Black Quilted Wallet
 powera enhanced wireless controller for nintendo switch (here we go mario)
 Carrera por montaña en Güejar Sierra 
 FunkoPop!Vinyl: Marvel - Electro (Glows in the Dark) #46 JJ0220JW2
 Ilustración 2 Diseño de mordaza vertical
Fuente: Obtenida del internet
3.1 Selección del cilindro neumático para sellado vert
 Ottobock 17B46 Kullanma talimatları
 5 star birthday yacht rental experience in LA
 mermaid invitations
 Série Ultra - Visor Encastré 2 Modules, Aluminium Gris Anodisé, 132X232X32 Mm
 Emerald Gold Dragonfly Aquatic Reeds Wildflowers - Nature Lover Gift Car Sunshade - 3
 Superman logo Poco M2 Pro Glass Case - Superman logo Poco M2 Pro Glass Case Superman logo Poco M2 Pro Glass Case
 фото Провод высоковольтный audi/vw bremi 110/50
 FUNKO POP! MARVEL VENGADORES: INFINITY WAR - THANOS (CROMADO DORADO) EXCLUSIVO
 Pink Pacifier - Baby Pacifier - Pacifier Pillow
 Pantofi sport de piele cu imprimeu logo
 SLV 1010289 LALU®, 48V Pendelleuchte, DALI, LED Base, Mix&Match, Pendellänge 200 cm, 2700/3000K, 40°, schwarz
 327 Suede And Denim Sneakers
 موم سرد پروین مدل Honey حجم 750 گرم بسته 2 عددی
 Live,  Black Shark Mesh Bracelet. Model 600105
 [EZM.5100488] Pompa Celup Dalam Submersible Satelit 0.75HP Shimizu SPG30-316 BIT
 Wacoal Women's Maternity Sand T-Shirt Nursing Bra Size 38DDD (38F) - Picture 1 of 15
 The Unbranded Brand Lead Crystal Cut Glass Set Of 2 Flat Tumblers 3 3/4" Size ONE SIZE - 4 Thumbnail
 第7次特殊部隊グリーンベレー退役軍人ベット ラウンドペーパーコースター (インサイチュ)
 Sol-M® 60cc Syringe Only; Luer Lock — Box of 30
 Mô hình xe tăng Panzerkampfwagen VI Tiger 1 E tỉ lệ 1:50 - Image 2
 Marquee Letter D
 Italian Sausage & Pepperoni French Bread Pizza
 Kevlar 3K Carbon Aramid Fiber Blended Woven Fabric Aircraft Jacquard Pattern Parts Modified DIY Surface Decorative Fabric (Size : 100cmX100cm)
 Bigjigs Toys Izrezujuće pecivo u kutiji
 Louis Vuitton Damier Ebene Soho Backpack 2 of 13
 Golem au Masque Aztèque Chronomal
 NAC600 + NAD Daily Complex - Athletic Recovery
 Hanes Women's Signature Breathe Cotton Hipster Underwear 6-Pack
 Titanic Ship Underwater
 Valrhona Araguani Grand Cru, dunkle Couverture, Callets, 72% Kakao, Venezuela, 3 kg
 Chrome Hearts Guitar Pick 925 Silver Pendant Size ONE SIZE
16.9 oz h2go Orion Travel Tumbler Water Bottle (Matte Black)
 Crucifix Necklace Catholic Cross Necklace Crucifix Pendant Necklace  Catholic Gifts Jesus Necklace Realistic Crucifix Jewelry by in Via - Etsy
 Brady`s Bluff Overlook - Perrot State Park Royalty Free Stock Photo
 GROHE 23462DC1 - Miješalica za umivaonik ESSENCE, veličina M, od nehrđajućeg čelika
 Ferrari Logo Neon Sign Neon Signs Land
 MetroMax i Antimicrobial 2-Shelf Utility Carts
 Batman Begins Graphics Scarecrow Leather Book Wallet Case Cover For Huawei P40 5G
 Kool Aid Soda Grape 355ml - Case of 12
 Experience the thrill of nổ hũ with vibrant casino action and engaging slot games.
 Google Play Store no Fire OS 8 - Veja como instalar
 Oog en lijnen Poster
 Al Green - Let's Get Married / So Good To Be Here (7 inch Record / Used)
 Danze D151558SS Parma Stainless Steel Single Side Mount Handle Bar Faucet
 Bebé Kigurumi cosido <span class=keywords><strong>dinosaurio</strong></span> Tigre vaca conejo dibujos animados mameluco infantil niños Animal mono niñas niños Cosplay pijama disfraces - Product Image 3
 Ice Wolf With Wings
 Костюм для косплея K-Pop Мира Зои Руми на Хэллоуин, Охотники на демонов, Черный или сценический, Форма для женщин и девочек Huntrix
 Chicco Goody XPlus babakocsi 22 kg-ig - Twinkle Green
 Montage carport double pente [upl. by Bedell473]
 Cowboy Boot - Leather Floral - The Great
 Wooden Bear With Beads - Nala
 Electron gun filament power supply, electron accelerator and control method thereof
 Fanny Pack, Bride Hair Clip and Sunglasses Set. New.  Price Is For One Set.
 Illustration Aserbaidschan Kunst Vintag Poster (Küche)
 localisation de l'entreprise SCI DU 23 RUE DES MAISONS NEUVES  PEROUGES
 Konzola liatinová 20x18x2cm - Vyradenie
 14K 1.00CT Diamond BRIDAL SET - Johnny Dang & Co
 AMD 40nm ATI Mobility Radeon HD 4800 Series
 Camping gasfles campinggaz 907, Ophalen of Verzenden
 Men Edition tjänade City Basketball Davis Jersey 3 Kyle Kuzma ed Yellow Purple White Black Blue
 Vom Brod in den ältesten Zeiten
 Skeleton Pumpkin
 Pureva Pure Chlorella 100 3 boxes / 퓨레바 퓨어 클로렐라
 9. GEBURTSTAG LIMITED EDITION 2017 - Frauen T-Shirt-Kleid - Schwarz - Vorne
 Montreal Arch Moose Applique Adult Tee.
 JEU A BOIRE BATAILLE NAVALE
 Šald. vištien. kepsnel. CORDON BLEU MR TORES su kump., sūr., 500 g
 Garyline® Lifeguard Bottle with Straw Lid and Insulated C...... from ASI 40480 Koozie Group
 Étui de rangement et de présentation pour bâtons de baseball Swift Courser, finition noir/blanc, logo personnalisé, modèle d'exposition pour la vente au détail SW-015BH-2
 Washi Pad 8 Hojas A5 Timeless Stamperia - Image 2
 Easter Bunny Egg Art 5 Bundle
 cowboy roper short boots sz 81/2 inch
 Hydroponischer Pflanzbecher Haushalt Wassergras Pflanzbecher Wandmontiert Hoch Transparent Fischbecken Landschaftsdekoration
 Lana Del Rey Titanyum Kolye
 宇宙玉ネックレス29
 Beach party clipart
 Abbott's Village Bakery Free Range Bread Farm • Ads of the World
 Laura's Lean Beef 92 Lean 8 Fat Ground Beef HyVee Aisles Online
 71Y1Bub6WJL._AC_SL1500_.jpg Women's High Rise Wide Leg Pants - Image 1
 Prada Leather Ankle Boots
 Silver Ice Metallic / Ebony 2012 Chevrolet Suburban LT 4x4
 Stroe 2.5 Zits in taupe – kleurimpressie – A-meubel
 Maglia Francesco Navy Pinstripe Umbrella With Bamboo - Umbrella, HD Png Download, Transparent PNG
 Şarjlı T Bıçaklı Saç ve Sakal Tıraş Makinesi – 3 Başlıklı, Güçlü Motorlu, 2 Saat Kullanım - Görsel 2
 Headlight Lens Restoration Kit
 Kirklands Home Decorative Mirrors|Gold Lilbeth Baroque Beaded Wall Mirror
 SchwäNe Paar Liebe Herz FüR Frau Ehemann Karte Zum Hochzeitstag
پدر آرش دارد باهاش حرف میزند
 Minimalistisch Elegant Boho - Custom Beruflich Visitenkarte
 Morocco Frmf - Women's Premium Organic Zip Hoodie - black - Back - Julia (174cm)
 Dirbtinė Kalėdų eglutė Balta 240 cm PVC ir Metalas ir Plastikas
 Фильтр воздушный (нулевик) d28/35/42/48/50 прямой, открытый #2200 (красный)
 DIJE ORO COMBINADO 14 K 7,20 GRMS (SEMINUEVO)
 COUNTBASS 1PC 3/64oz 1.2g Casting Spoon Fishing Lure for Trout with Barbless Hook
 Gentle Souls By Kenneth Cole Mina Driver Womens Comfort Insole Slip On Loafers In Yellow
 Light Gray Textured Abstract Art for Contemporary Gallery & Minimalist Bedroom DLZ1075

····················

— Work instruction —
Your answer must consist solely of the lines above between the line holding "фото Провод высоковольтный" and the line holding "Wacoal Women's Maternity", inclusive, copied exactly.

— Reply to the exercise —
 фото Провод высоковольтный audi/vw bremi 110/50
 FUNKO POP! MARVEL VENGADORES: INFINITY WAR - THANOS (CROMADO DORADO) EXCLUSIVO
 Pink Pacifier - Baby Pacifier - Pacifier Pillow
 Pantofi sport de piele cu imprimeu logo
 SLV 1010289 LALU®, 48V Pendelleuchte, DALI, LED Base, Mix&Match, Pendellänge 200 cm, 2700/3000K, 40°, schwarz
 327 Suede And Denim Sneakers
 موم سرد پروین مدل Honey حجم 750 گرم بسته 2 عددی
 Live,  Black Shark Mesh Bracelet. Model 600105
 [EZM.5100488] Pompa Celup Dalam Submersible Satelit 0.75HP Shimizu SPG30-316 BIT
 Wacoal Women's Maternity Sand T-Shirt Nursing Bra Size 38DDD (38F) - Picture 1 of 15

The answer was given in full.